De eerste vestiging waar nu Newcastleligt, was Pons Aelius, genoemd naar de familienaam van de Romeinse Keizer Hadrianus. Hadrianus stichtte het stadje in de 2de eeuw voor Christus, als versterking van de Muur van Hadrianus. Nadat de Romeinen uit Groot-Brittannië verdwenen waren, werd Newcastle een deel van het Anglosaxische koninkrijkje Northumbia, onder de naam Monkchester. Na een conflict met de Noormannen werd de stad in 1080 volledig vernietigd.
Robert Curthouse, zoon van Willem de Veroveraar, bouwde op de strategisch goed gelegen plaats een houten kasteel. Sindsdien stond het stadje bekend als ‘New Castle’. Gedurende de Middeleeuwen was Newcastle het noordelijke fort van Engeland. In de 13de eeuw werd er een stenen wal gebouwd om Schotse aanvallen tegen te houden.

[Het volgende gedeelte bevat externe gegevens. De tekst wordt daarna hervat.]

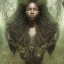 Placeholder: 4K. Ultra real photo.three black women. Three Dark skin black women .three women. A mother. Two black daughters . A mother with her children. three young black women. wood nymphs emerging from the forest. Her hair looks like vines. Dreadlocs. Her skin is the colour of dark soil. Her skin looks like tree bark. Her clothing is made of vines, grass and leaves.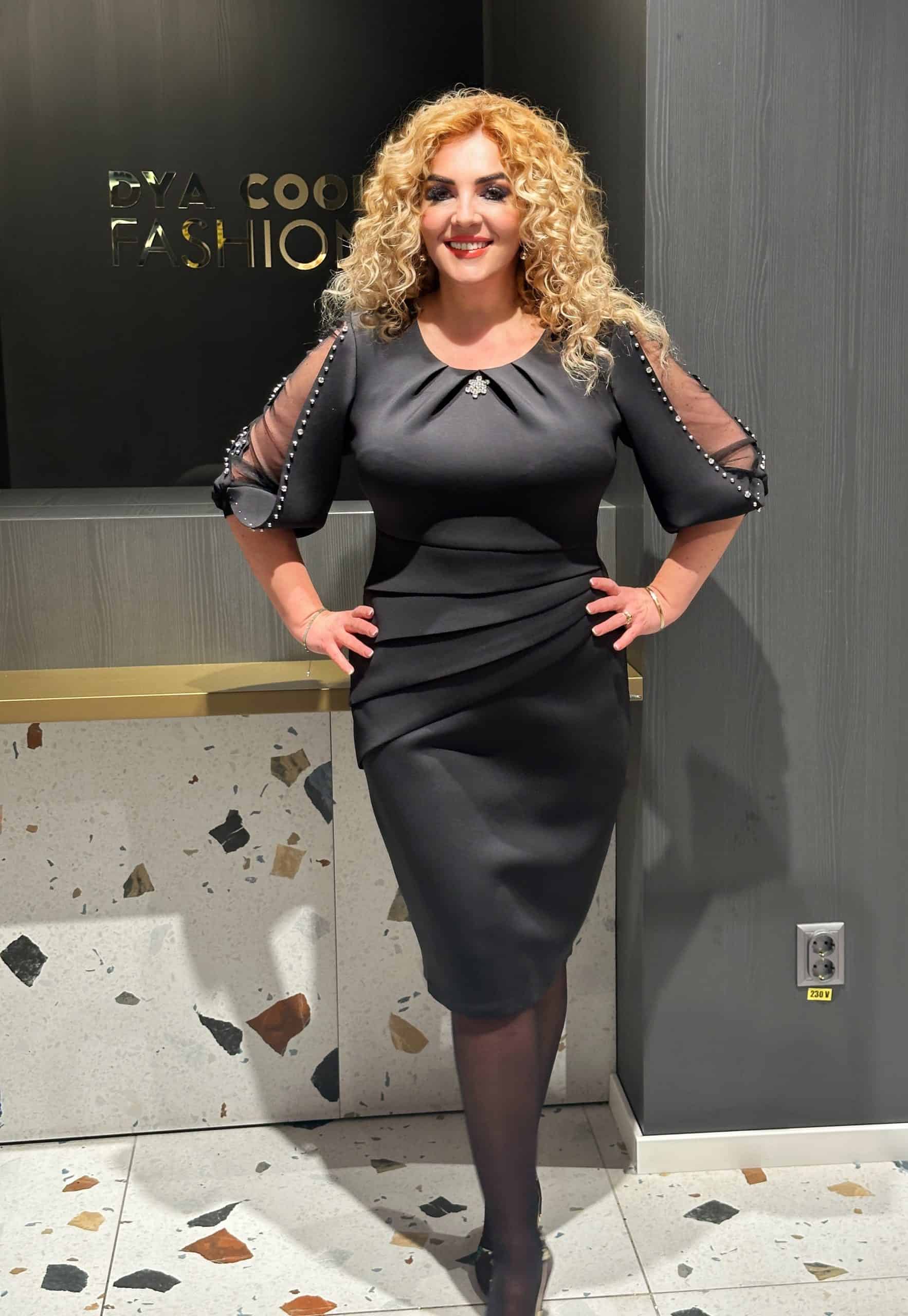 Rochie Midi Neagra DYA582 - imagine 3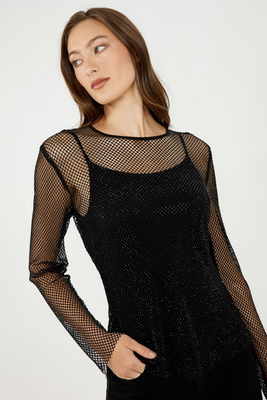 Frank Lyman 244619U Knit Rhinestone LS Top /BLACK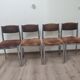 Suite de 4 chaises années 70 métal chromé et velours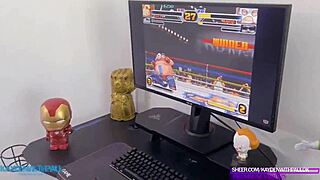 Gamer Boy's Blonde Fantasy FFM Threesome With Big Tits Reality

In de 16de eeuw kreeg Newcastle een monopolie op de handel in steenkool. De stad leefde van de steenkooleconomie en kende een periode van grote bloei. Tijdens de Engelse Burgeroorlog koos Newcastle de kant van de koning. De stad werd bestormd door de republikein Cromwell. In de 18de eeuw was Newcastle, na Londen, Oxford en Cambridge het grootste drukkerijcentrum van Engeland. De stad werd ook de grootste glasproducent ter wereld.
In de 20ste eeuw kende Newcastle een zware crisis, nadat de zware industrieën er op instorten stonden. Op dit moment richt de stad zich steeds meer op kantoor- en retaildiensten.